Provided entries START
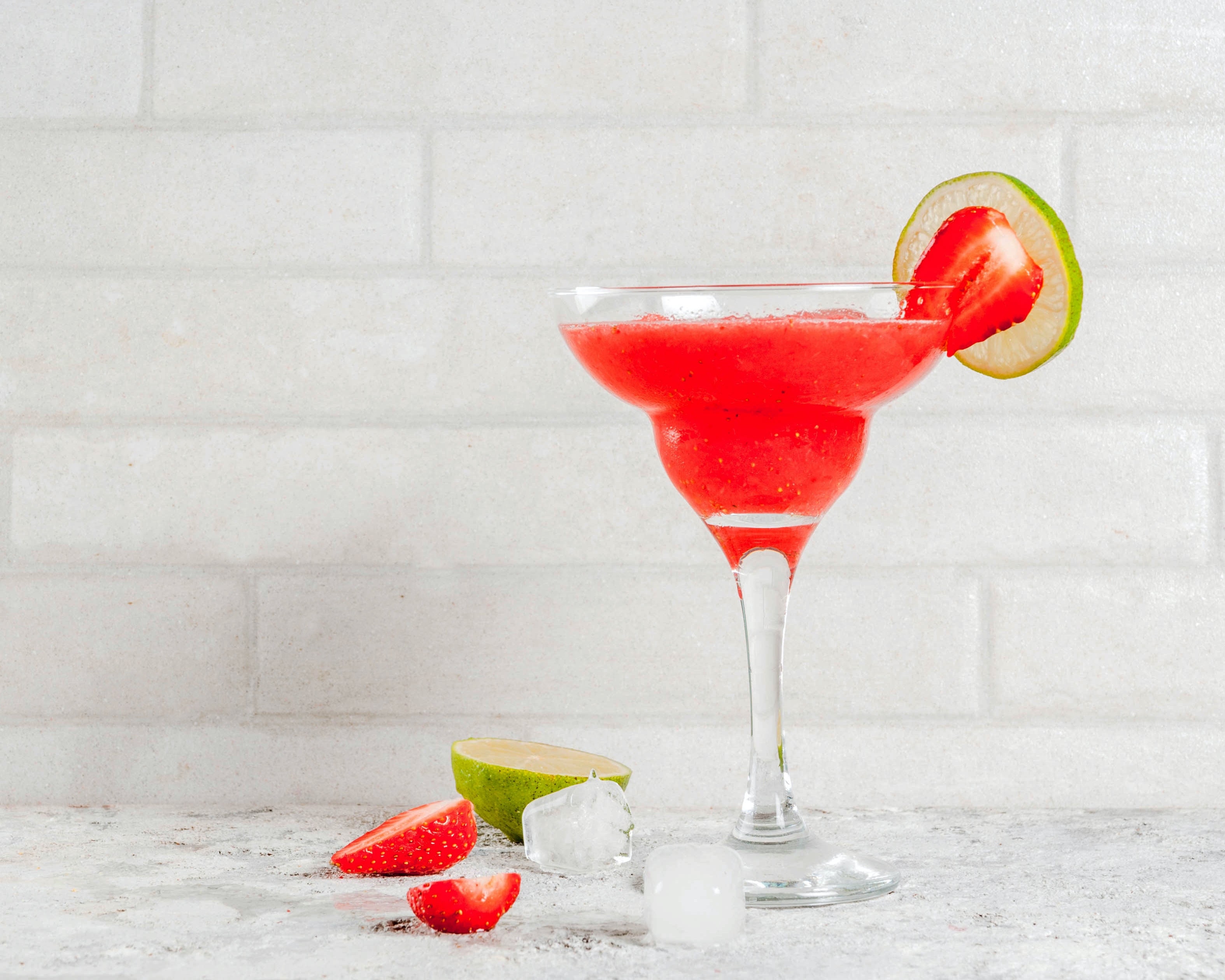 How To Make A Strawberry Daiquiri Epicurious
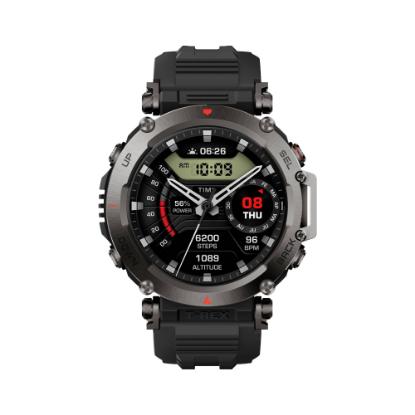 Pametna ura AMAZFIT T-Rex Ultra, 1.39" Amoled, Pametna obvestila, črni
Provided entries END
Provided entries START
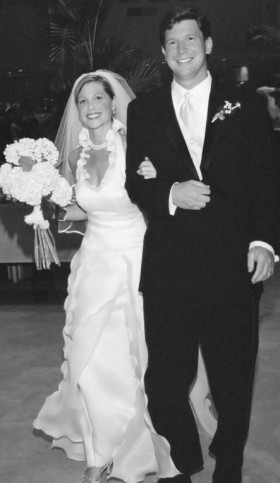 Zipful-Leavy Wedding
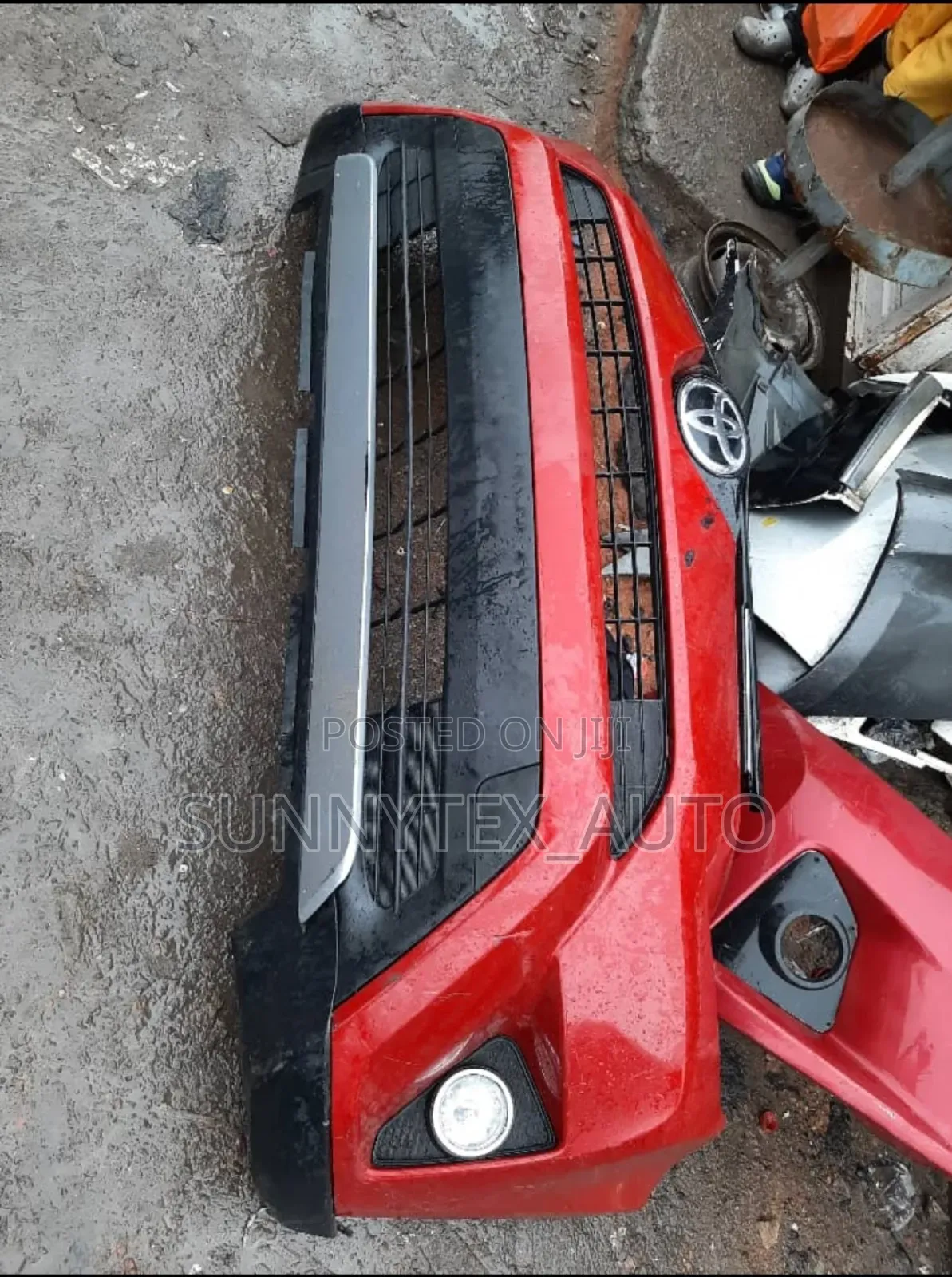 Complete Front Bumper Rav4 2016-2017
Provided entries END
» Try it
Your answer must be the exact lines from the records above, from the one containing "How To Make A Strawberry Daiquiri Epicurious" through the one containing "Pametna ura AMAZFIT", both included, with every picture left out.

» Written answer
 How To Make A Strawberry Daiquiri Epicurious
 Pametna ura AMAZFIT T-Rex Ultra, 1.39" Amoled, Pametna obvestila, črni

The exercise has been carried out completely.